SUPPLIED MATERIAL:
---*---

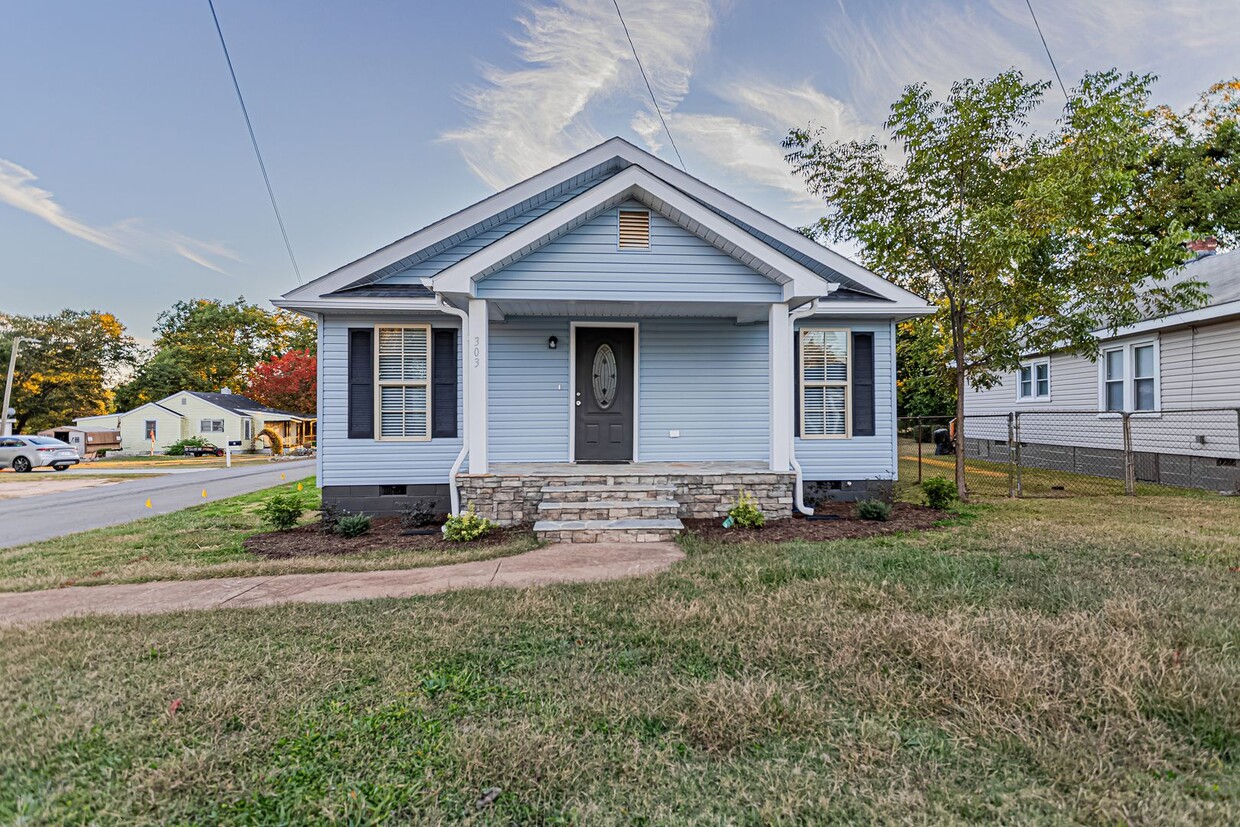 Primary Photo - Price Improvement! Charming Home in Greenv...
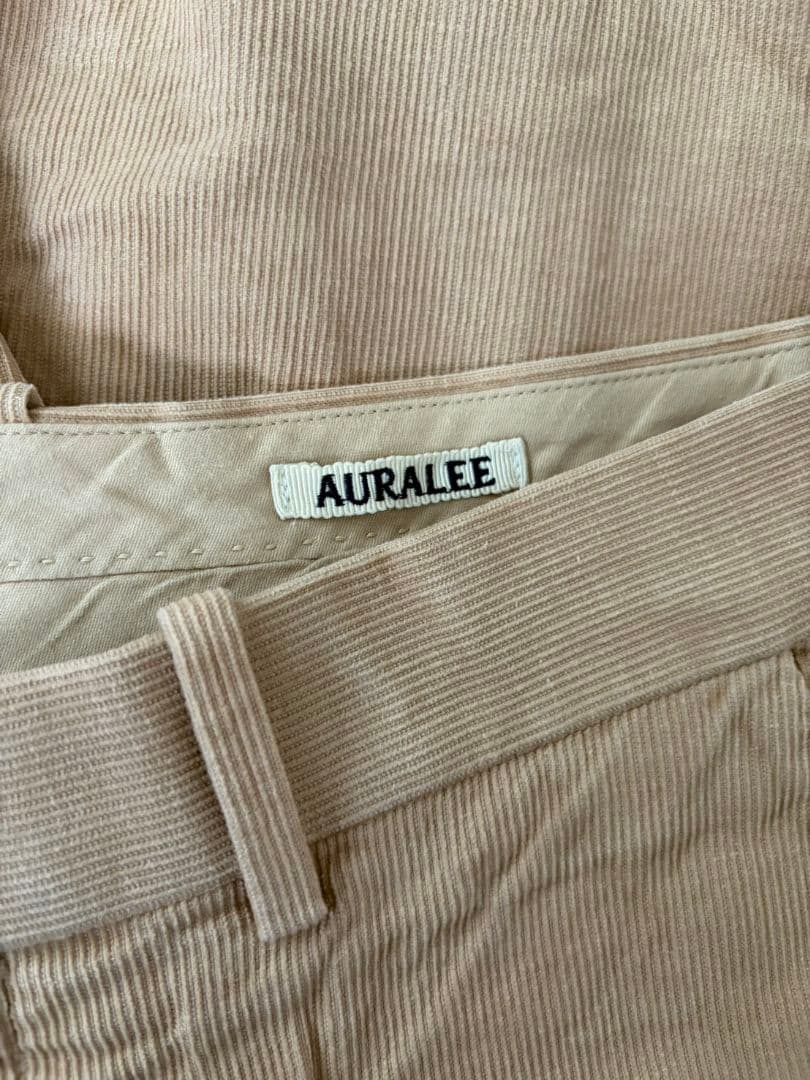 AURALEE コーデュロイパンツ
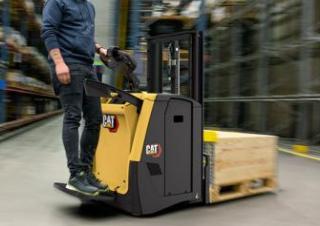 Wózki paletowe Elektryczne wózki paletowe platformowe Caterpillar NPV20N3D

---*---

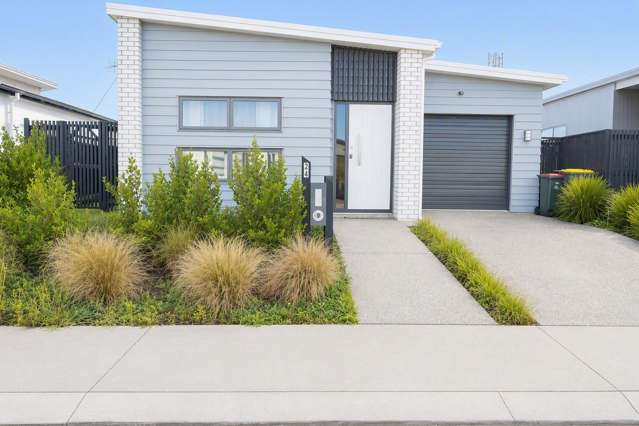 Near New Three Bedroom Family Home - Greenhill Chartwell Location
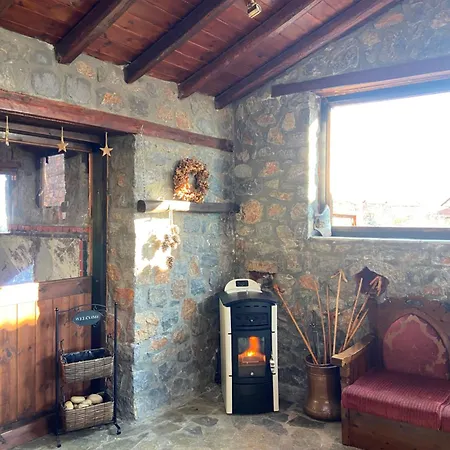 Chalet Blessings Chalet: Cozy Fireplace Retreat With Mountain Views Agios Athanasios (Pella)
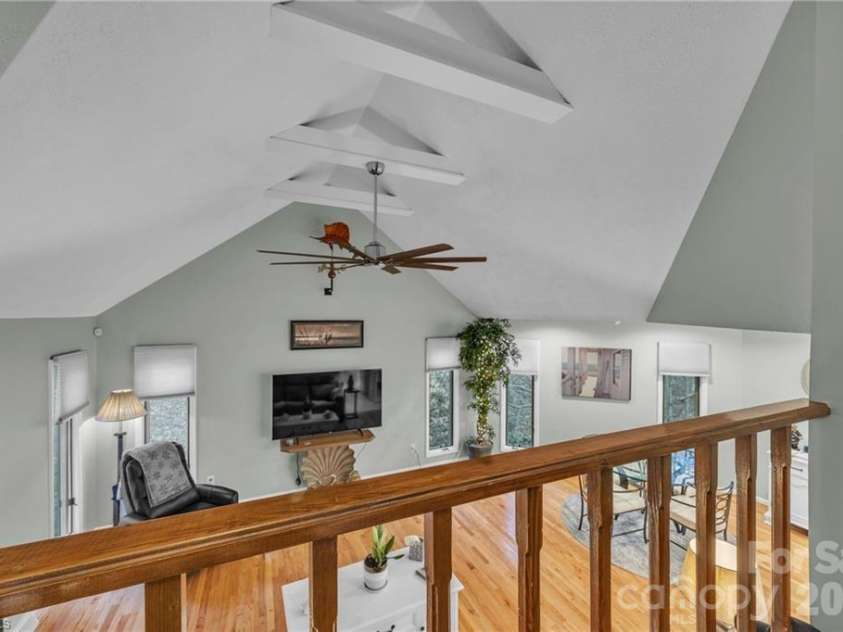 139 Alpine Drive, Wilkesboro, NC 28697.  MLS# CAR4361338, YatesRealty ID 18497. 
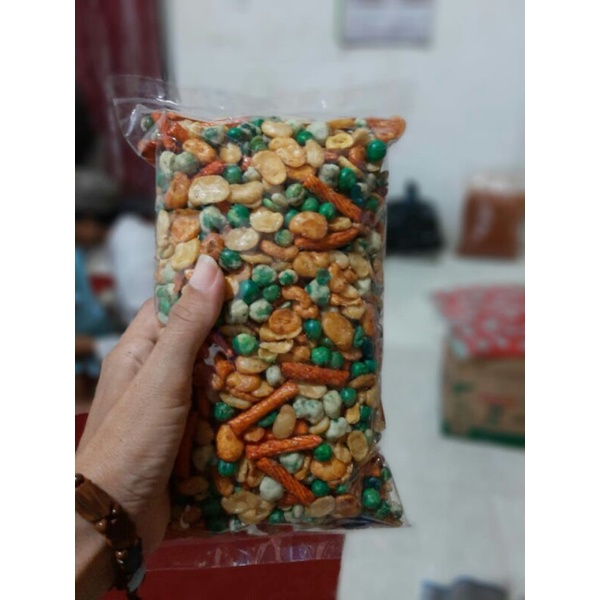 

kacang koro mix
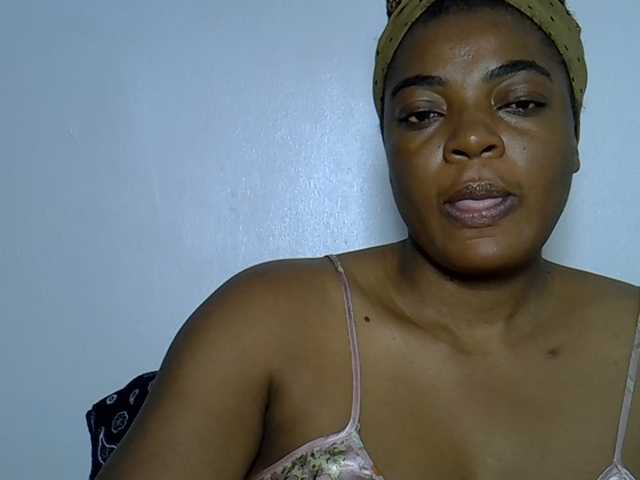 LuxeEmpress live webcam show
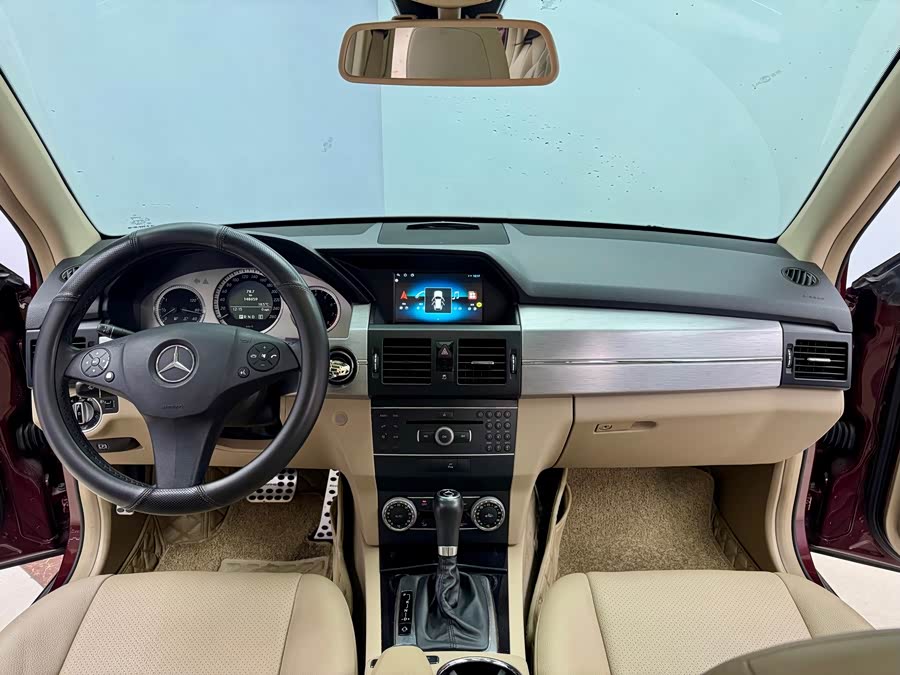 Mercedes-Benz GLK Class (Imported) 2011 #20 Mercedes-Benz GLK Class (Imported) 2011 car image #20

---*---

PROMPT: Using the data above, copy exactly the lines from the one containing "139 Alpine Drive, Wilkesboro, NC" to the one containing "Mercedes-Benz GLK Class (Imported) 2011 #20", inclusive. Exclude the pictures.

SOLUTION TO THE EXERCISE:
 139 Alpine Drive, Wilkesboro, NC 28697.  MLS# CAR4361338, YatesRealty ID 18497. 

kacang koro mix
 LuxeEmpress live webcam show
 Mercedes-Benz GLK Class (Imported) 2011 #20 Mercedes-Benz GLK Class (Imported) 2011 car image #20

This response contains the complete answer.